ACSL4 deficiency confers protection against ferroptosis-mediated acute kidney injury

The term ferroptosis coined in 2012 causes acute kidney injury (AKI). However, its pathway mechanism in AKI is poorly understood. In this study, we conducted an RNA-sequence analysis of kidneys in AKI and normal mice to explore the pathway mechanism of ferroptosis. Consequently, differentially expressed genes highlighted AcylCoA synthetase long-chain family (ACSL4), a known promotor for ferroptosis. Besides, RT-PCR, Western blot, and immunohistochemical analyses confirmed its upregulation. HIF-1 alpha was downregulated in I/R-AKI mice, and in vitro studies confirmed a negative regulation of HIF-1 alpha on ACSL4. To explore the role of ACSL4 in AKI, we constructed ACSL4 knockout in kidney tubules of mice-as Cdh16Cre-ACSL4F/F mice. Results revealed that ACSL4 knockout significantly reduced ferroptosis and inhibited the functional and pathological injury of AKI mice. Meanwhile, the kidneys of Cdh16Cre-ACSL4F/F mice demonstrated a significantly decreased inflammation and macrophage infiltration. Further, additional explorations were explored to decipher a more thorough understanding of ferroptotic immunogenicity. As a result, neutrophils were not directly recruited by ferroptotic cells, but by ferroptotic cell-induced macrophages. Further, ACSL4 inhibitor rosiglitazone significantly inhibited AKI. Collectively, these data provide novel insights into the AKI pathogenesis, and defined ACSL4 as an effective target in AKI.

Automated summary

This study explored the pathway mechanism of ferroptosis in acute kidney injury (AKI) by conducting RNA-sequence analysis.

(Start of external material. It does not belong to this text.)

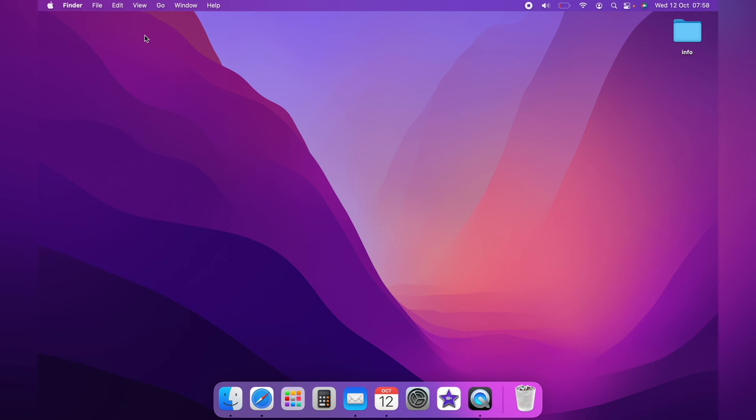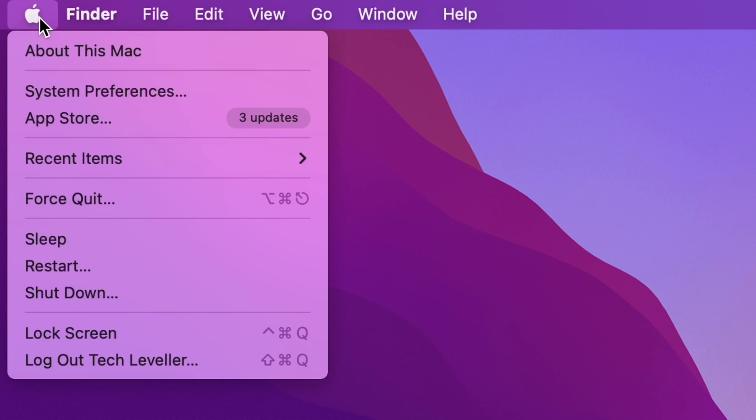First, what you want to do is head up to the top left-hand corner here and click the little Apple logo. And on the menu, you want to come down to App Store.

The results highlighted the important role of AcylCoA synthetase long-chain family (ACSL4) in promoting ferroptosis. Further investigations demonstrated that knockout of ACSL4 reduced ferroptosis and inhibited functional and pathological injury in AKI mice. Additionally, ACSL4 inhibition showed promising results in reducing AKI. This study provides novel insights into the pathogenesis of AKI and identifies ACSL4 as an effective therapeutic target.